Exposing Ports of a Running Container

When running containers with Docker Compose, I sometimes want to access an unpublished port from a dependency container. For example, I sometimes need to connect directly to a database running inside a compose stack. The usual solution is to edit (docker-)compose.yml and recreate the container with a published port. This works, but it is disruptive when the service is already running.

After experimenting a bit, I discovered two ways to expose container ports without recreating the containers. I'll document those in this post.

Method 1: Mapping Ports Through Standard Streams

Note

I came up with this method to work around using legacy links feature. The downside is that it requires installing a tool like socat on the host machine and on the container.

Docker makes it easy to run arbitrary processes inside an existing container by using commands like docker exec or docker compose exec. This makes it possible to use a program like socat on the host to forward a local port into the container through standard input and output. In practice, we create a TCP listener on the host, and whenever a connection comes in, socat spawns a second socat process inside the container, and the two processes communicate through STDIO.
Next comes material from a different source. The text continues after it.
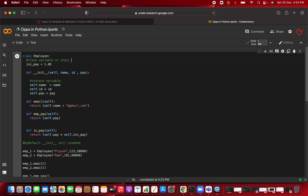So I hope you are clear with this. The class variable is the same for every object unless you change it for a particular object. This was about what is a class variable, what is an instance variable, and what is a static variable. In the next video we are going to see the different types of methods in OOP. That's all for this video, thank you.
The workflow looks like this:

Given the following compose.yml:

services:
  my-stack:
    image: alpine/socat
    entrypoint: /bin/sh
    init: true
    command: ["-c", "sleep infinity"]
  nginx:
    image: nginx
    network_mode: "service:my-stack"
  1. Install socat on the host machine.

  2. Make sure socat is available in the container. In the example above, I'm running nginx as a sidecar of the socat container to not deal with installing socat on the nginx container. Alternatively, you can install socat using the distro package manager in the nginx container, or you can copy in a static binary using docker cp.

  3. Start the relay:

    HOST_PORT=8080
    CONTAINER_PORT=80
    SERVICE_NAME=my-stack
    
    socat TCP-LISTEN:$HOST_PORT,reuseaddr,fork \
      EXEC:"docker 'compose exec $SERVICE_NAME socat STDIO TCP4:127.0.0.1:$CONTAINER_PORT'"

Resuable Script

Here is the same approach in form of a convenient Bash script:

#!/usr/bin/env bash
# Usage: docker-expose <container-name> source-port:dest-port
# Example: docker-expose mysql 3306:3306

set -euo pipefail

if [ $# -ne 2 ]; then
    echo "Usage: $(basename $0) <container-name> source-port:dest-port"
    exit 1
fi

CONTAINER_NAME="$1"
PORTS="$2"

if [[ "$PORTS" != *:* ]]; then
    echo "Error: port mapping must be in the form source:dest"
    exit 1
fi

HOST_PORT="${PORTS%%:*}"
CONTAINER_PORT="${PORTS##*:}"

if ! command -v socat >/dev/null 2>&1; then
    echo "Error: socat is not installed on the host. Please install it first."
    exit 1
fi

# Note: This will not work for containers that are built from SCRATCH  
if ! docker exec "$CONTAINER_NAME" sh -c "command -v socat" >/dev/null 2>&1; then
    echo "Error: socat is not installed in the container '$CONTAINER_NAME'."
    echo "Please install it or copy a static binary into the container."
    exit 1
fi

echo "Forwarding host port $HOST_PORT to $CONTAINER_NAME:$CONTAINER_PORT"
echo "Press Ctrl+C to stop."

socat TCP-LISTEN:"$HOST_PORT",reuseaddr,fork \
    EXEC:"docker 'exec -i $CONTAINER_NAME socat STDIO TCP4:127.0.0.1:$CONTAINER_PORT'"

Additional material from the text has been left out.